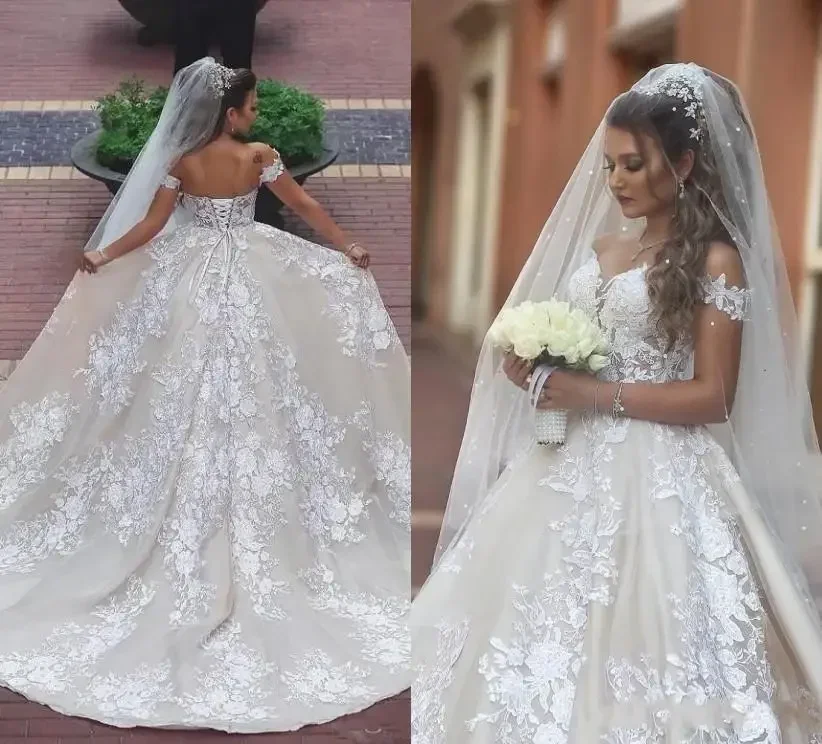 Customized Said Mhamad Appliques Off The Shoulder Princess Bridal Gowns Lace Up Back Count Train Beach Wedding Dresses
Customized Said Mhamad Appliques Off The Shoulder Princess Bridal Gowns Lace Up Back Count Train Beach Wedding Dresses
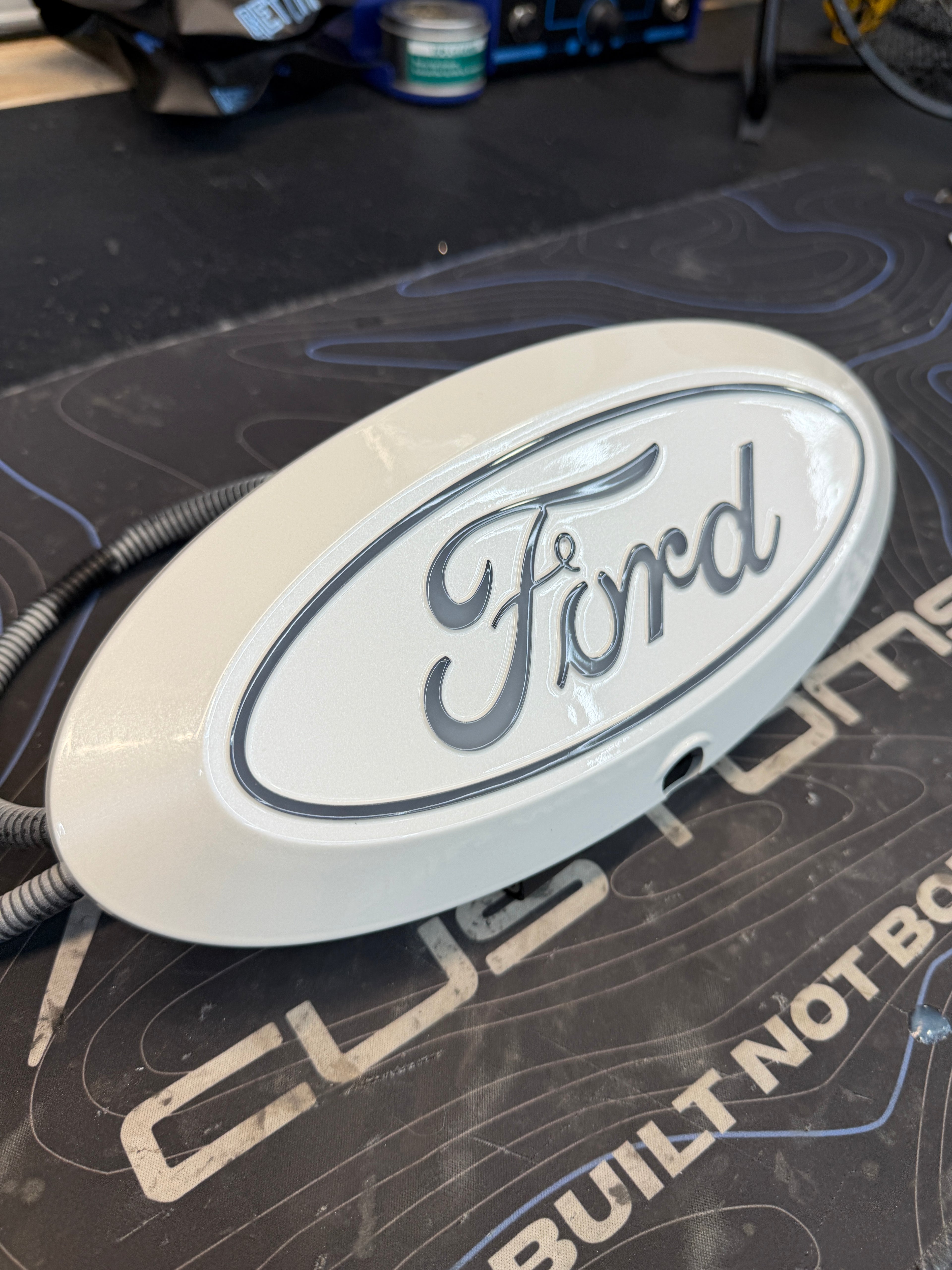2025-2026 FORD SUPER DUTY PUTCO EMBLEM (w/ Camera | w/o washer)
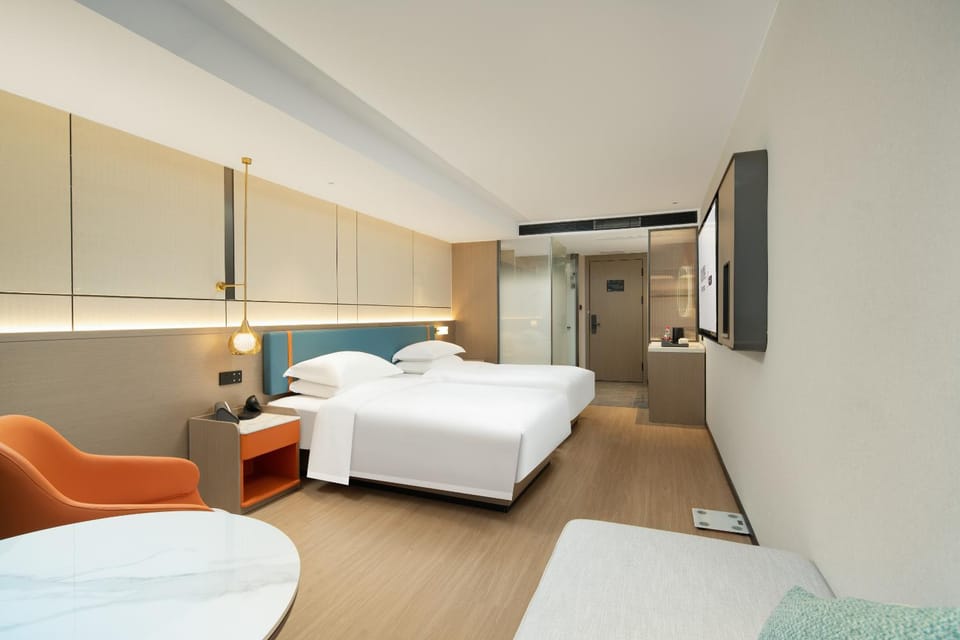 TV and multimedia, Photo of the whole room, Bedroom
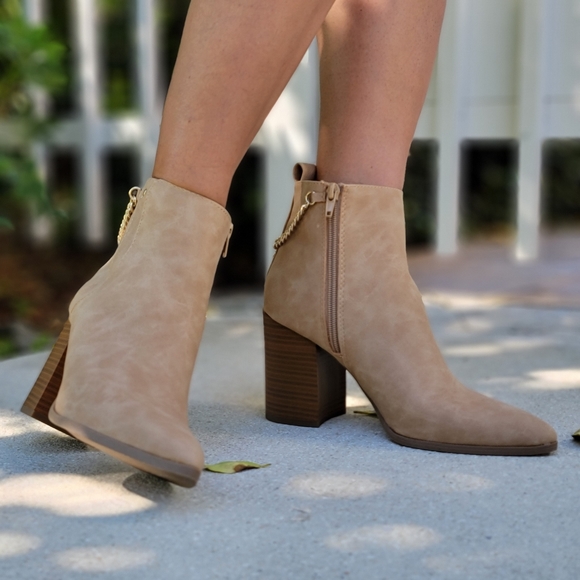 Women's Pointy Toe Chain Lace Stacked Block Heel Ankle Bootie - Picture 5 of 7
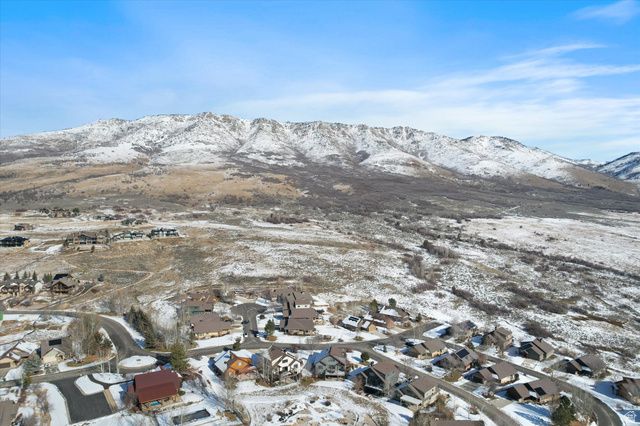 5823 E ELKHORN DR, Eden, UT 84310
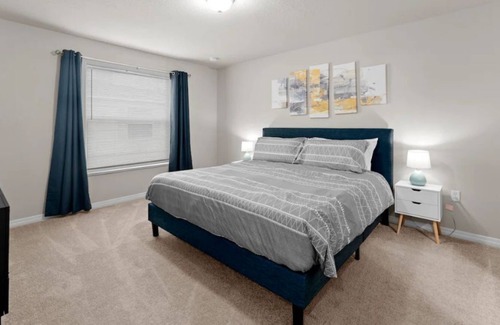 Royal Oak Golf Country Club House | Spacious 3BR + Office Apt Near Space Center
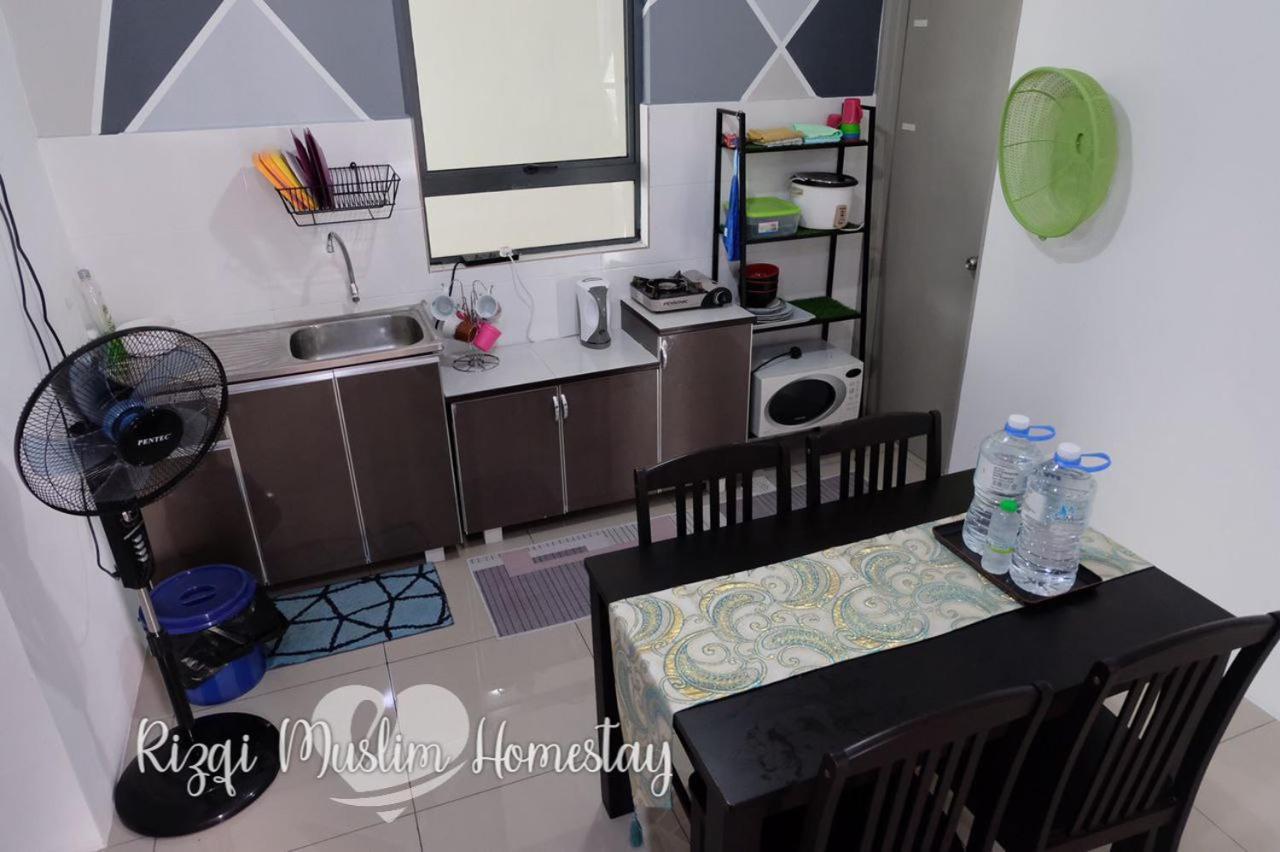 Rizqi Muslim Homestay Meru Casa Kayangan Ipoh Extérieur photo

____

## Aim of the task
For every entry, return its exact wording and leave out any image.

## Expected answer
 Customized Said Mhamad Appliques Off The Shoulder Princess Bridal Gowns Lace Up Back Count Train Beach Wedding Dresses
Customized Said Mhamad Appliques Off The Shoulder Princess Bridal Gowns Lace Up Back Count Train Beach Wedding Dresses
2025-2026 FORD SUPER DUTY PUTCO EMBLEM (w/ Camera | w/o washer)
 TV and multimedia, Photo of the whole room, Bedroom
 Women's Pointy Toe Chain Lace Stacked Block Heel Ankle Bootie - Picture 5 of 7
 5823 E ELKHORN DR, Eden, UT 84310
 Royal Oak Golf Country Club House | Spacious 3BR + Office Apt Near Space Center
 Rizqi Muslim Homestay Meru Casa Kayangan Ipoh Extérieur photo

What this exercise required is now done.